Hal Brands is back to dreaming about a multi-front war:
Russian President Vladimir Putin’s invasion of Ukraine has ignited Europe’s largest conflict in generations and provoked a great-power proxy fight. In East Asia, the chances of war are growing, as the tensions precipitated by House Speaker Nancy Pelosi’s trip to Taiwan in August demonstrated. In the Middle East, the US may have to choose between fighting Iran and accepting it as a nuclear threshold state.
Put these crises together and you have the makings of a Eurasian conflagration.
Brands allows that the U.S. might avoid war in all three regions, but he says that this “thought exercise demonstrates just how pervasive the danger of major war has become.” It shows me that the danger of U.S. involvement in a major war depends to a remarkable degree on whether the U.S. actively seeks to fight one. As long as the U.S. does not go out of its way to engage in direct conflicts with these other states, it is extremely unlikely that there will be new major wars in the near future.

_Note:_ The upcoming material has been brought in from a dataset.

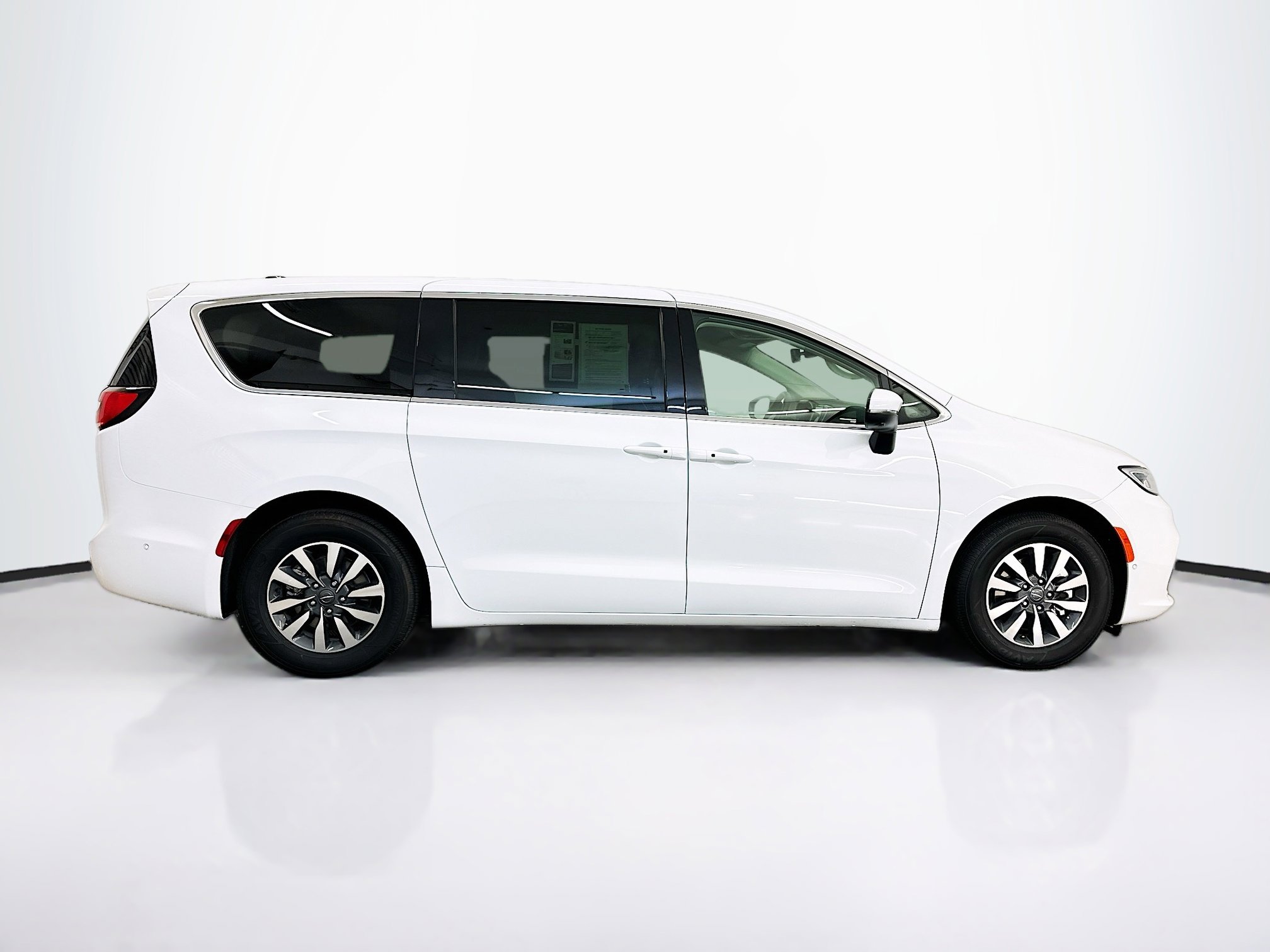 Used 2023 Chrysler Pacifica Touring-L image 10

To take the last example first, the “choice” between attacking Iran or not attacking it is really no choice at all. Starting a war with Iran over its nuclear program would be illegal and insane, and on top of all that it would further worsen U.S. and global economic woes. The only reason that there is any real danger of war over this issue is the constant agitation here in the U.S. and in Israel for committing acts of criminal aggression against Iran. In short, this is only a crisis that can cause a war if our government insists on making it one.

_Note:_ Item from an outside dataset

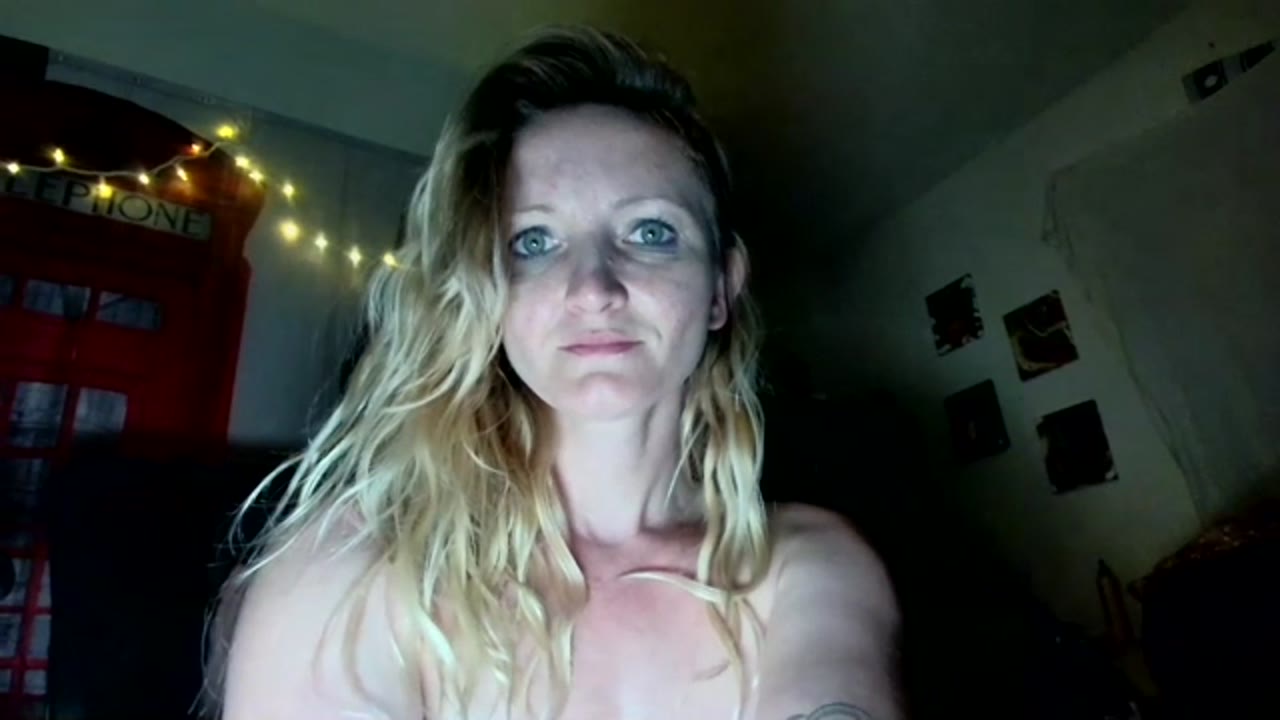 Creamysweet en sexcam live - webcam coquine et tchat gratuit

Brands is right that “[a]n overstretched US cannot react to one problem without considering the impact on its ability to deal with others,” which is all the more reason for the U.S. to stop volunteering to take on so many additional burdens that it isn’t required to bear. If the U.S. is overstretched, and it is, that means that the U.S. has overcommitted itself and needs to scale back. Brands nods at this, but only by way of dismissing it as an option:
Strategy textbooks typically say that a country with more commitments than capabilities should reduce the former or increase the latter. That’s sound long-term advice, but it isn’t as helpful right now.
When would this advice be helpful if not now? It is not surprising that Brands doesn’t want to reduce U.S. commitments anywhere, but if we went by his standard there would never be a good time to make the attempt. He says, “Retrenchment is hard to get right in ideal conditions, let alone when rivals are advancing.” What he really means here is that it should not be tried because it isn’t possible to pull it off perfectly. Hawks will always says that “rivals are advancing” no matter how small or slow the advances may be, so instead of holding our policy decisions hostage to what other states may or may not be doing the U.S. should focus on those interests that matter most and make cutbacks elsewhere as needed.
While Brands keeps saying that “[w]ar between the US and its rivals is not inevitable,” he isn’t making much of an effort to think through how they can be avoided. If the U.S. supposedly can’t reduce commitments, it can at least seek to reduce tensions with one or more of the “rivals.” If these states are beginning to form what he calls a “loose revisionist axis,” one would think that the priority would be finding ways to drive wedges between them and establish better relations with at least one or two of them, but Brands isn’t interested in that.
If we took Brands’ advice, the U.S. would still have forces in Afghanistan and he would be telling us that they can’t be withdrawn for fear of encouraging the revisionists. It’s the same old story every time. The hawks tell us that it’s never the right time to leave, and it will invite others to become more aggressive if we do. That is usually wrong, and it is a recipe for never winding down any commitment anywhere no matter how irrelevant it is to our security.